Auch beim Gesetz über digitale Dienste wurde versucht, komplizierte Zusammenhänge einfach zu machen. Grundsätzlich ist das Ziel, dass das, was offline verboten ist, auch online verboten sein soll – etwa der Verkauf gefälschter Produkte oder illegale Hassrede. Dabei gilt: Je größer die Plattform, desto mehr Regeln muss sie beachten. Neu ist, dass die EU-Staaten sogenannte manipulative „Dark Pattern“ verbieten wollen. Der mögliche Gesetzestext definiert diese als „Designtechniken, die Verbraucher zu unerwünschten Entscheidungen drängen oder negative Folgen für sie haben“. Dies kann Werbung sein, die als normaler Inhalt getarnt ist, oder auch extrem unübersichtliche Einstellungen der Privatsphäre. Als Strafen sind beim DSA bis zu sechs Prozent des Jahresumsatzes vorgesehen.
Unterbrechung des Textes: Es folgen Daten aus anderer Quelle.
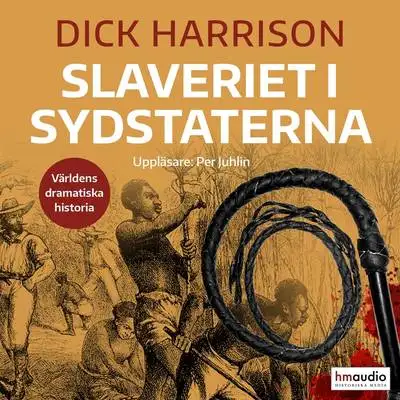 Omslag för Slaveriet i Sydstaterna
Die EU muss eine gemeinsame Linie festlegen

Bevor DMA und DSA Realität werden, müssen die EU-Staaten und das Parlament sich noch auf eine gemeinsame Linie einigen, nachdem das Parlament nun seine eigene Position festgezurrt hat. Unter der französischen EU-Ratspräsidentschaft sollen die Verhandlungen dann in der ersten Jahreshälfte 2022 abgeschlossen werden.

Die Konzerne, die in Zukunft mit den neuen Gesetzen konfrontiert werden, produzieren natürlich mächtig Gegenwind. So kritisiert Apple, der DMA könnte Sicherheit und Privatsphäre der iPhone-Nutzer gefährden, wenn das Laden von Apps aus anderen Plattformen erzwungen werde. Facebook warnte vor zu strikten politischen Vorgaben, die Innovationen abzuwürgen drohten. Um die Gesetzgebung zu beeinflussen und allzu harte Eingriffe zu verhindern, schwirren inzwischen ganze Heerscharen von Lobbyisten im Brüsseler Regierungsviertel der EU umher. Allein Google gebe nach Angaben von Insidern jährlich weit über fünf Millionen Euro für diese Art von „Überzeugungsarbeit“ aus. Damit hat der Internet-Gigant längst den Industrieverbänden oder auch der Finanzbranche den Rang als Lobby-Spitzenreiter abgelaufen.